Interesting discussion in other threads got me wondering
whether I should have made some other choices when setting
up my vtape environment. Particularly whether I should
have used LVM (Logical Volume Management) to create one
large filesystem covering my multiple dedicated disks.

Its a topic I do not recall being discussed, pros & cons.
I am using 7 disks of 3 (or is that 4) and 6 TB (should upgrade them all to 6TB
soon) almost dedicated to vtapes (the last disk also has a copy of the
deleted accounts). I have them configured as individual disks. The size
of my vtapes is also about 100GB and I am using a small chunck size, so
my disks end up being 80% full at least.

When I designed my vtape architecture, I decided to keep each disk
individual so that it can be put offline after usage. My idea was to
have a system that could prompt an operator to "mount a disk" before the
backup and the disk could be manually unmounted and safe stored each
day. It is taking advantage of the automount service on FreeBSD.

Mounting could be USD disk, or hot-swap. I never went very far in the
implementation. I wrote all that many years ago when vtapes were new and
limited to a single directory, that is why I wrote my own tape changer.

I knew about the risk of loosing a disk and it being a good portion of
consecutive backups.
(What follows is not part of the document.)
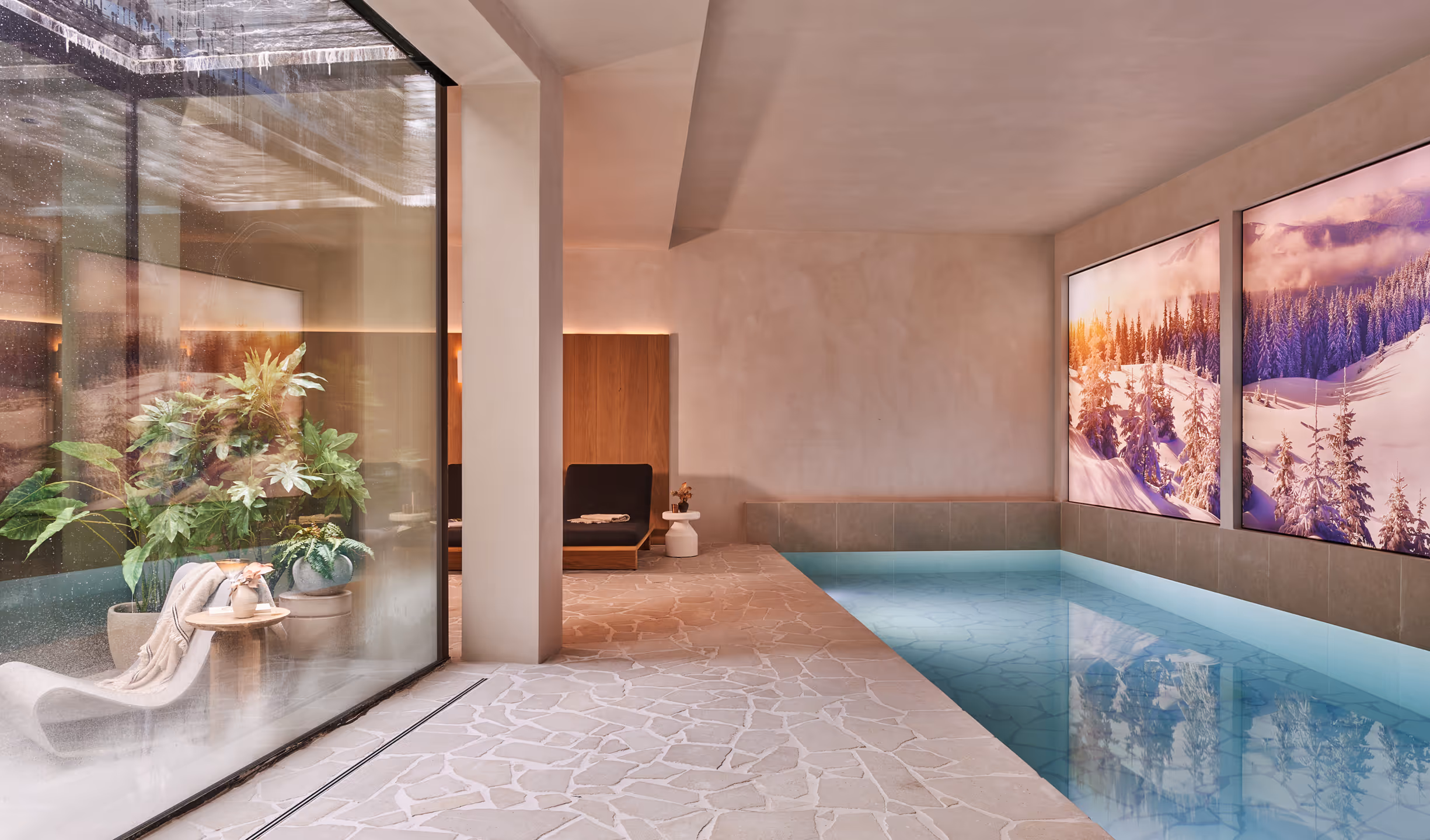 Piscine intérieure avec sol en pierre claire, chaises longues, plantes en pot et grands tableaux représentant des paysages montagneux enneigés accrochés aux murs.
But what I had in mind was:

- have the system as simple and as portable as possible, so I can shove
a disk in another machine and extract contents manually (during the
great flood of Bangkok in 2011, I moved all the servers and also took
all my hard disks from Amanda backup, but I did not need to move the
rack mounted server itself);

- a side advantage of my own tape changer is that I can keep the older
disks (each disk has an individual label, like any vtape has a label)
(I have updated them from 500GB to 1TB to 3TB and soon to 6TB) and the
vtapes are still known into tapelist (they are marked noreuse). If the
need arise, I can still remount that old disk.

So far (10+ years) the only disk I had failling was the disk having the
holding partition, I guess it was because of excessive usage.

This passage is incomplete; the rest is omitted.